SBCI has sourced a huge amount of new capital will now be available for smaller Irish businesses...

Hundreds of millions of new capital has been made available to finance additional competitive lending to the country’s small and medium sized businesses.

Newstalk has learned that the Strategic Banking Corporation of Ireland (SBCI) is set to announce today that it has sourced €450m in new funding to meet strong ongoing SME demand for competitively-priced business loans.

The new €450m fund comprises €200m in a long-term loan facility from the Council of Europe Development Bank in Paris and €250m in ten-year loan notes from the National Treasury Management Agency.

These new facilities will strengthen the SBCI’s ability to provide low-cost, flexible loans to Irish SMEs through its eight existing on-lending partners and its pipeline of new partners. It also brings additional diversification to the SBCI’s sources of funding.

The SBCI was established by the Government in late 2014 with an initial fund of €800m provided by the European Investment Bank and German development bank KFW.

Those funds have since been more than committed, and in the majority of cases drawn down through a range of eight different banks and non-banking financial institutions with whom the SBCI has entered agreements to provide loans to SMEs at lower than their standard rates.

SBCI lenders offer lower cost, longer term loans across a range of products including working capital, investment, agri-finance, invoice finance, fleet finance and leasing.
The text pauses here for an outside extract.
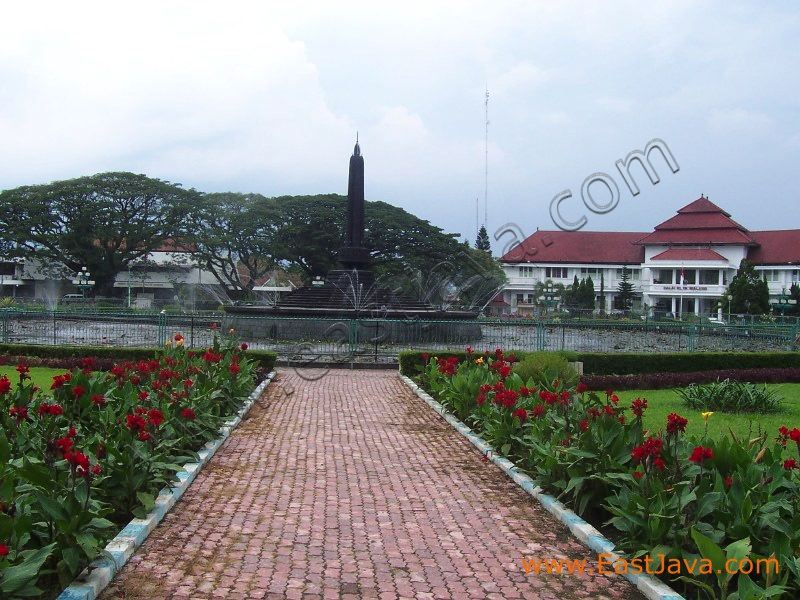 city_park_malang_east_java.jpg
On average, SMEs receive a discount of 1.5% on market rates for these loans.

SBCI CEO Nick Ashmore said: 

"We succeeded earlier this year in committing all of the €800 million that was made available to us when we began operations 2 years ago. Our new funding arrangements will allow us to support even more SMEs and bring even greater competition to the SME lending market.

"We have demonstrated that we are an effective conduit for a range of EU supports to the Irish economy, which has enabled the SBCI to source further funding from international and domestic sources."